##### Task data
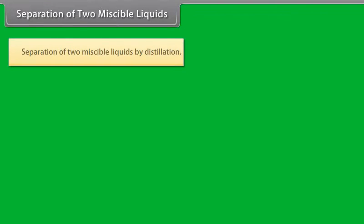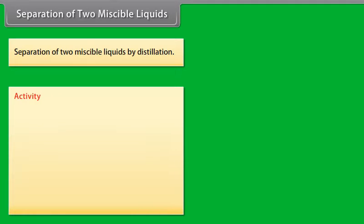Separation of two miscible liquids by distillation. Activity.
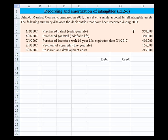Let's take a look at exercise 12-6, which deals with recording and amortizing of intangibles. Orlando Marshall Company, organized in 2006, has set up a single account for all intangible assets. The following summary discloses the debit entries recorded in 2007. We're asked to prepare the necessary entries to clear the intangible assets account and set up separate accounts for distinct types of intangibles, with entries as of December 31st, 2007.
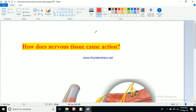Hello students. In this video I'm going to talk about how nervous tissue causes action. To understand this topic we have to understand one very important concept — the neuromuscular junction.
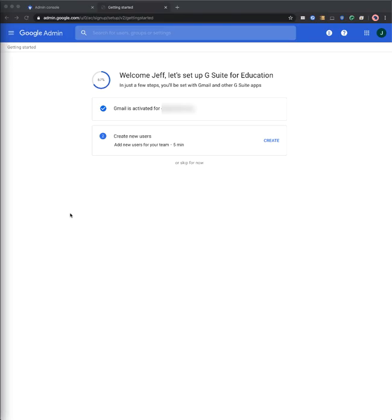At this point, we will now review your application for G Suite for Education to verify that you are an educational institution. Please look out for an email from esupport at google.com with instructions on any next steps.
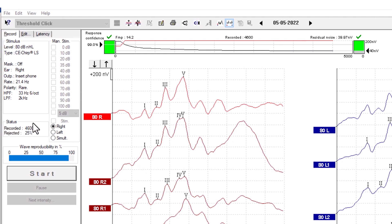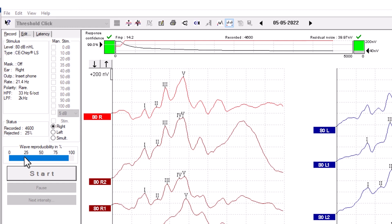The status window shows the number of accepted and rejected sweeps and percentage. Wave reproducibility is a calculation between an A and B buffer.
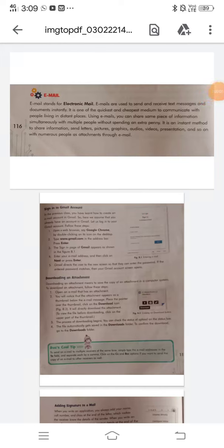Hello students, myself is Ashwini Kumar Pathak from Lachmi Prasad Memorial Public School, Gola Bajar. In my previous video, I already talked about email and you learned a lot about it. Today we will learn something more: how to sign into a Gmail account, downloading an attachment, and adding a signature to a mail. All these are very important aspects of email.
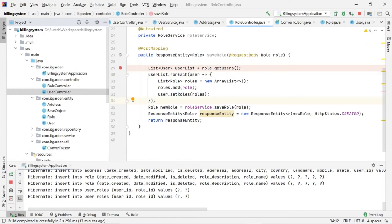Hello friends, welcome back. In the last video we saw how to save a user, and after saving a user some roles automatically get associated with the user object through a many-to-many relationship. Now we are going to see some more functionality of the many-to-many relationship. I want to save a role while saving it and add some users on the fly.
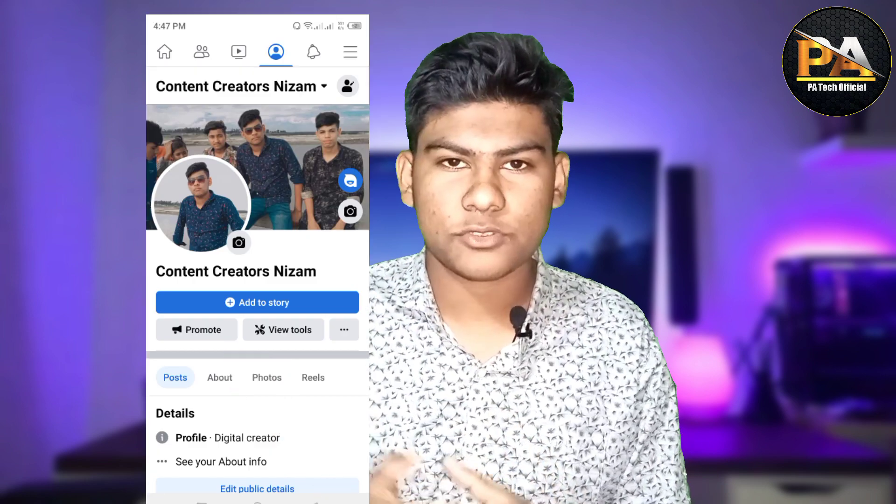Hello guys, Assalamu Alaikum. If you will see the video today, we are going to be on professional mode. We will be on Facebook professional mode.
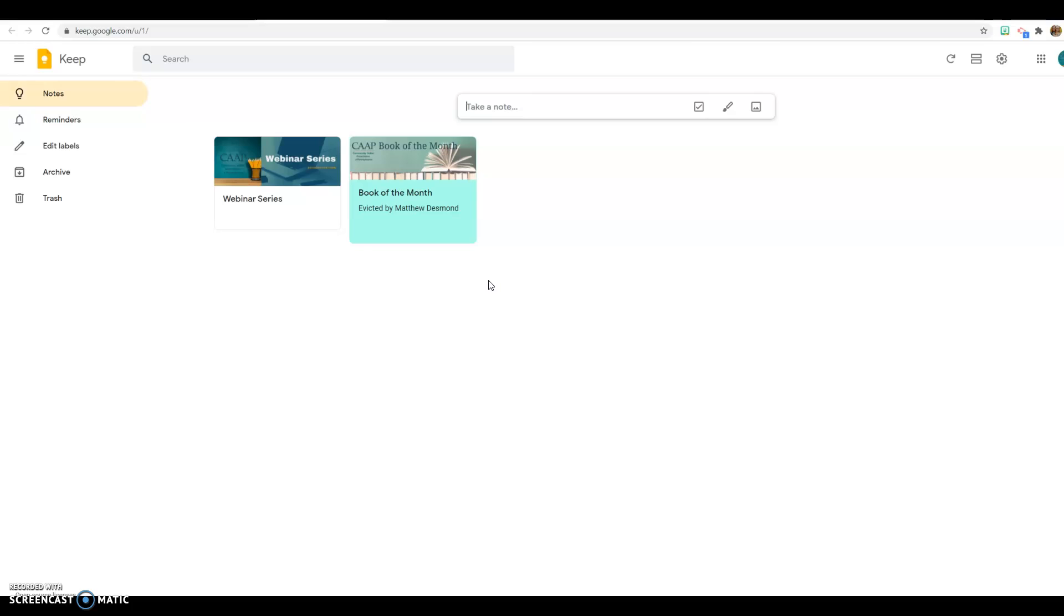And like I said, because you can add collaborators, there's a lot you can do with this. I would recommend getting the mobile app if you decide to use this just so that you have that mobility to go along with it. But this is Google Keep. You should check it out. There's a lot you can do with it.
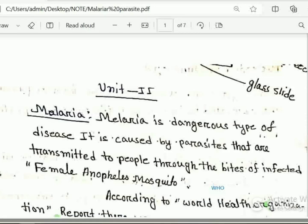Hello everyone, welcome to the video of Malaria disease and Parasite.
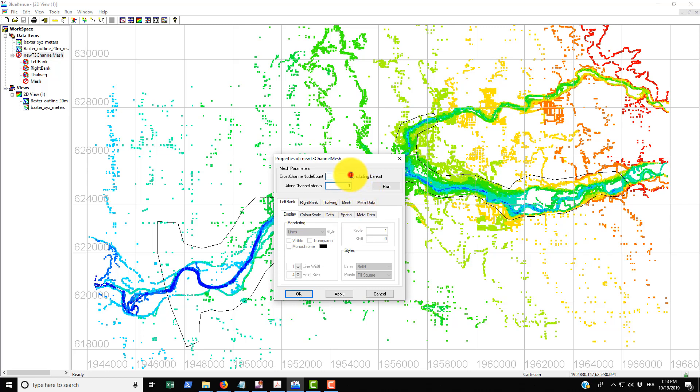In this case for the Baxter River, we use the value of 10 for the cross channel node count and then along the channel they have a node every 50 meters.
##########
## Work to complete
Only the lines from the one that holds "And like I said, because" through the end of the records above should be printed again, exactly as they are. Leave out the pictures.

## Answer below
And like I said, because you can add collaborators, there's a lot you can do with this. I would recommend getting the mobile app if you decide to use this just so that you have that mobility to go along with it. But this is Google Keep. You should check it out. There's a lot you can do with it.
Hello everyone, welcome to the video of Malaria disease and Parasite.
In this case for the Baxter River, we use the value of 10 for the cross channel node count and then along the channel they have a node every 50 meters.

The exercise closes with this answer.